ASSIGNMENT. Leave the pictures out and quote only the lines from the one with "HUNTER® Hundeleinen - Führleine" down to the end of the listing below.

DATA FOR ANALYSIS.
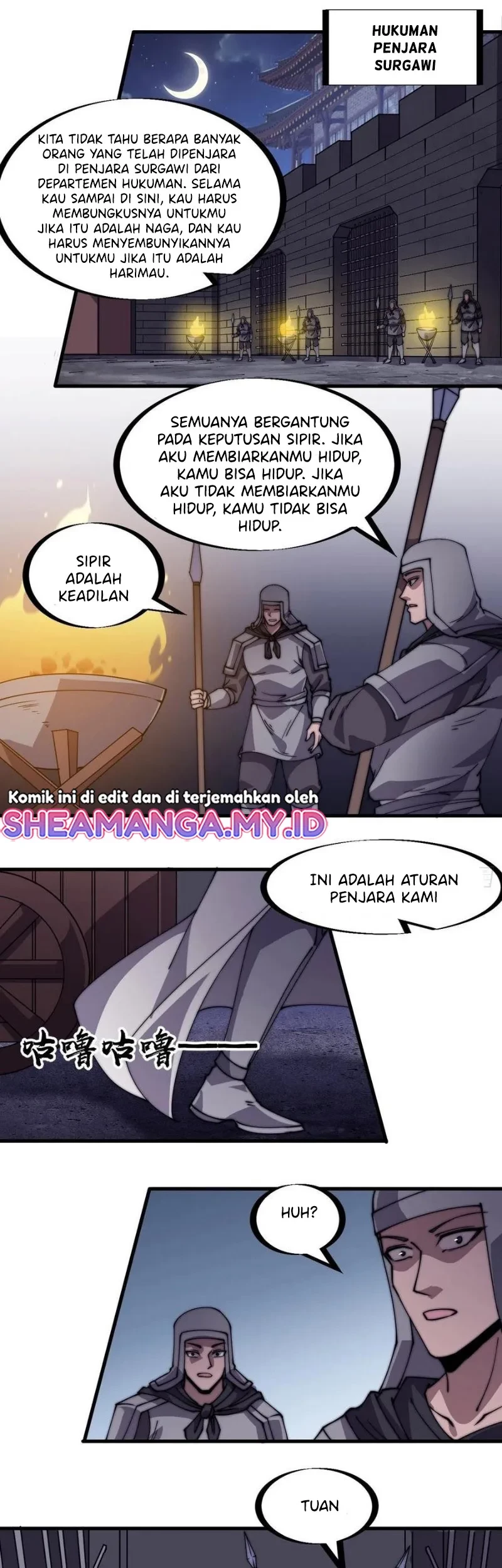 It Starts With A Mountain Bab 219 halaman 8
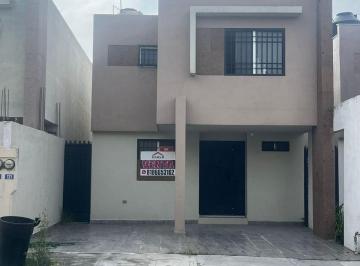Casa · 135m² · 3 Recámaras · 2 Estacionamientos · Casa - Fraccionamiento Cumbres La Rioja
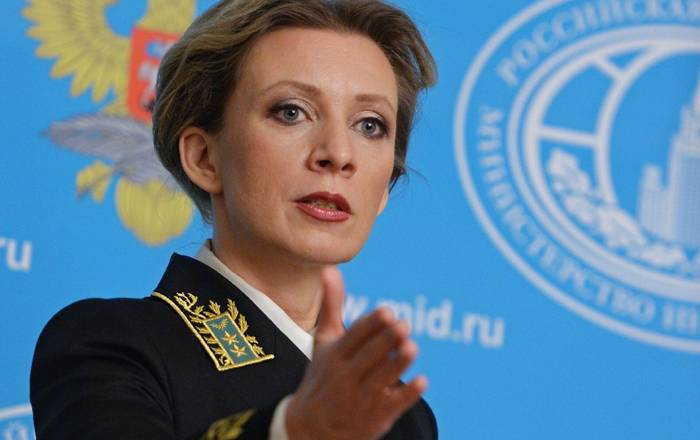 Gazeteci-Yazar Fuad SAFAROV Yazdı: Zaharova, “Açıklama bekliyoruz”
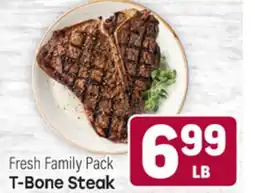 Tony’s Fresh Market T-Bone Steak offer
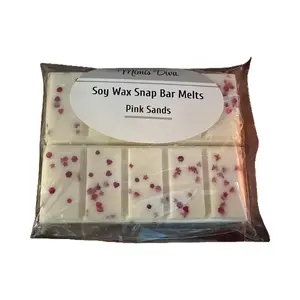 Soy Wax Snap Bar Melts - Home & Candle Decor  These smell Fantastic 2 bars to an Order Light Scented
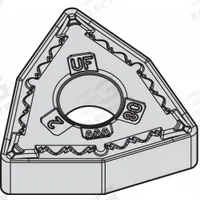 WIDIA Turning Insert: WNMG431UF, WNMG080404UF (MPN 4169402). Key specifications — attr257986: WNMG080404UF; attr257985: WNMG431UF.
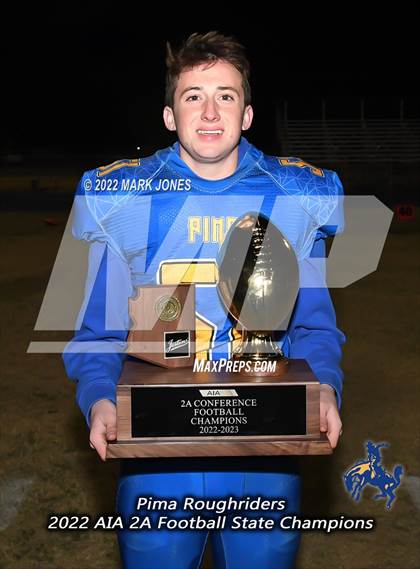 Thumbnail 3 in Morenci vs. Pima (AIA 2A Final - Awards) photogallery.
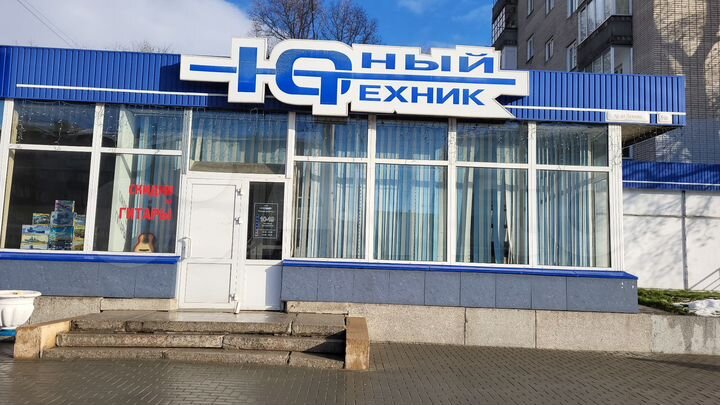 Торговая площадь, 110 м²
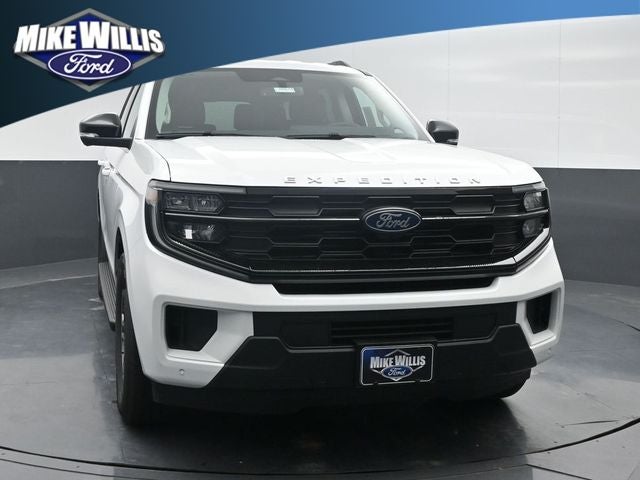 2026 Ford Expedition Active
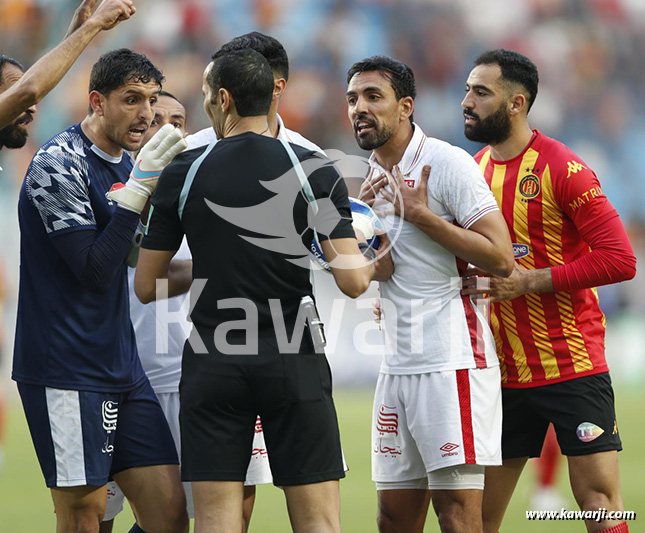 L1 22/23 P.OFF4 : Espérance de Tunis - Etoile du Sahel 1-0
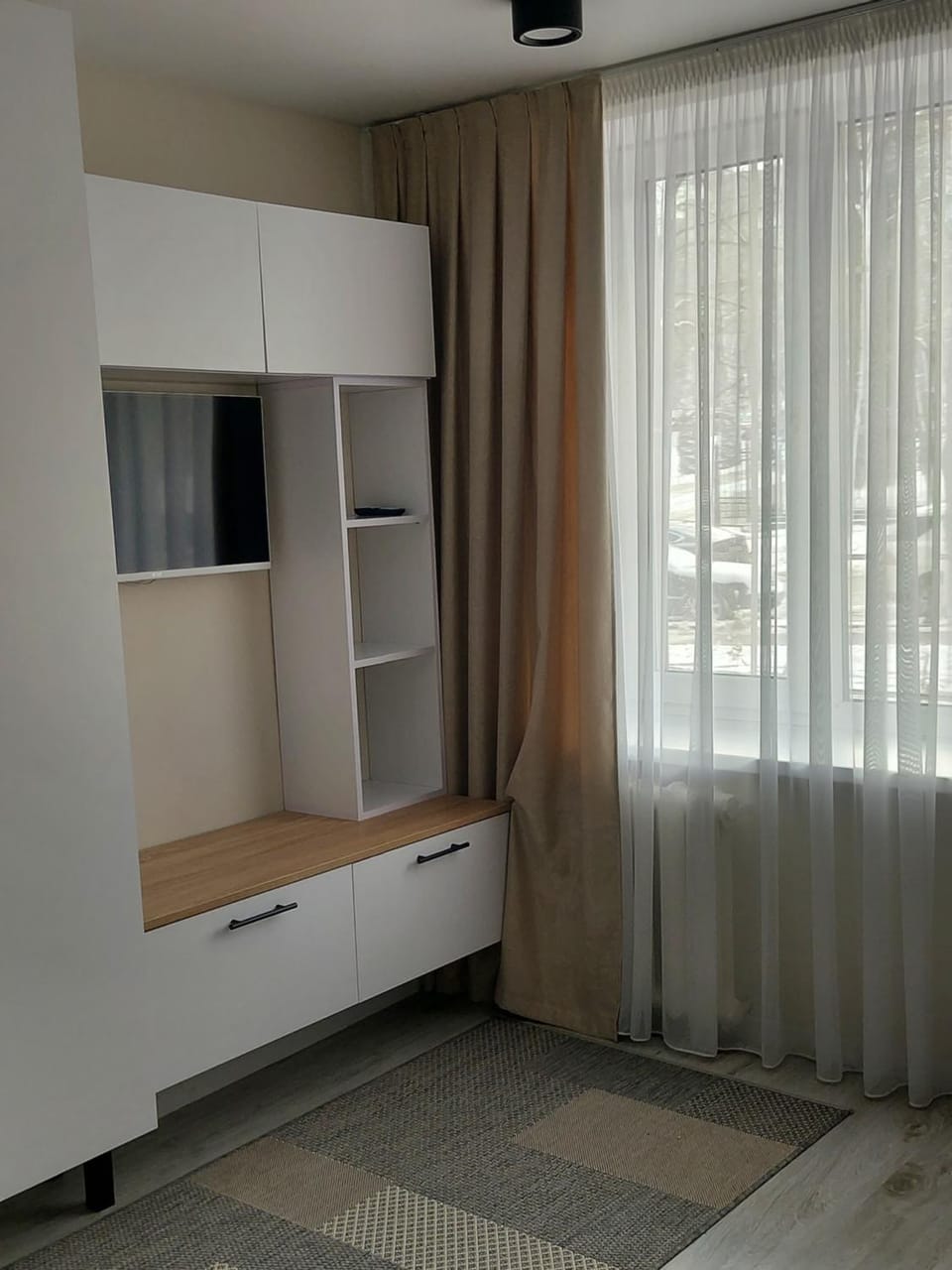 Studio Room Apartment in Chișinău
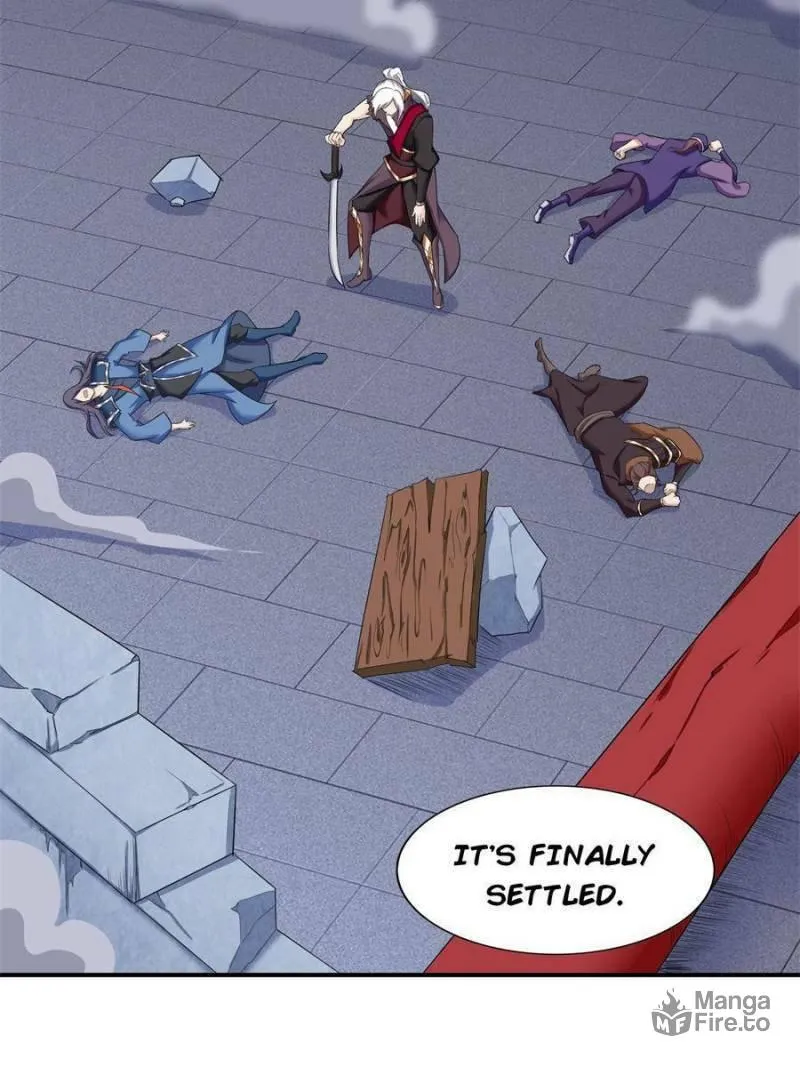 Read My System Wants Me Dead chapter 22 image 8 on Lezhin
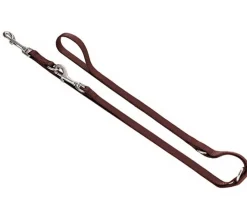 HUNTER® Hundeleinen - Führleine Ecco Sport, Braun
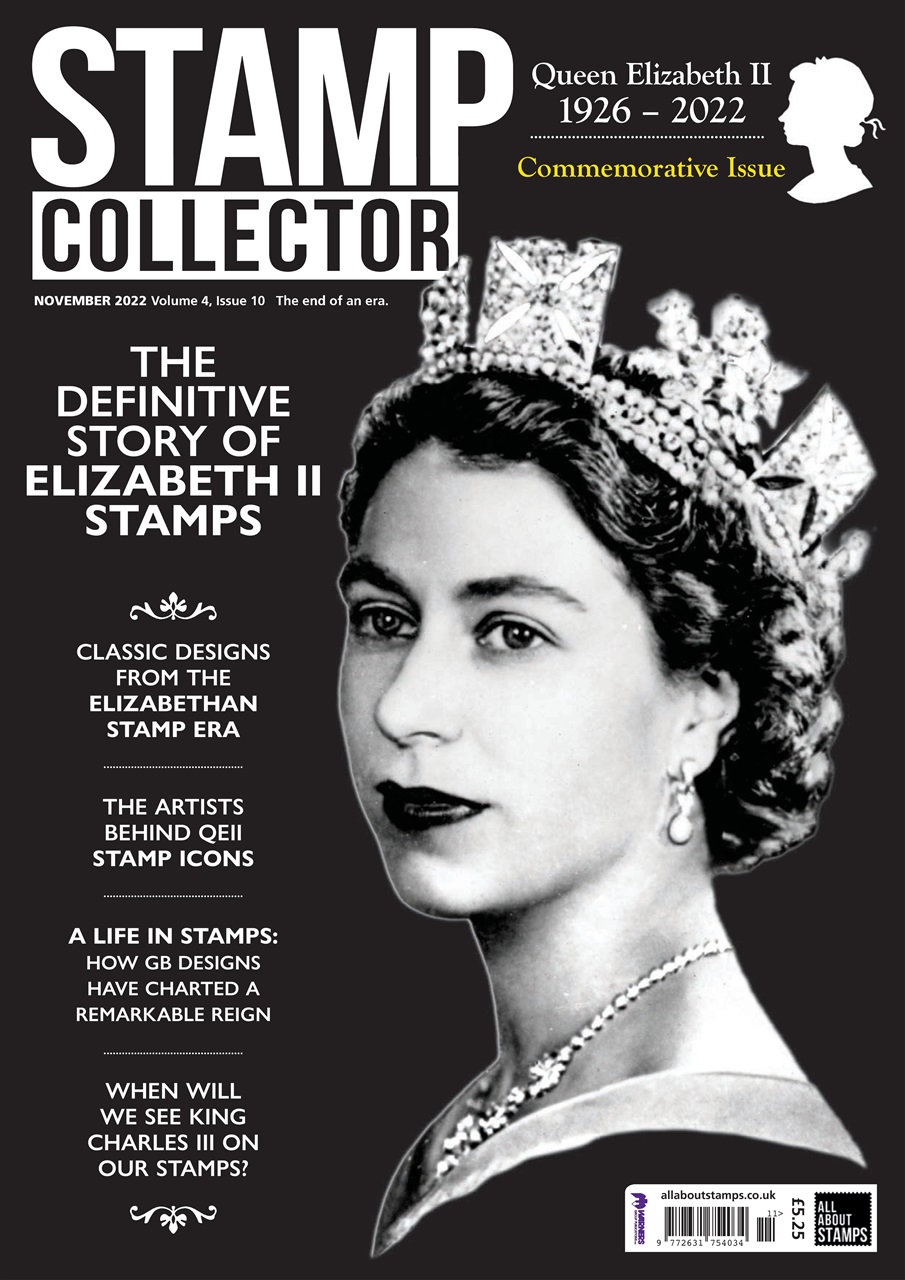 Stamp Collector Preview Pages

ANSWER FOR THE TASK.
 HUNTER® Hundeleinen - Führleine Ecco Sport, Braun
 Stamp Collector Preview Pages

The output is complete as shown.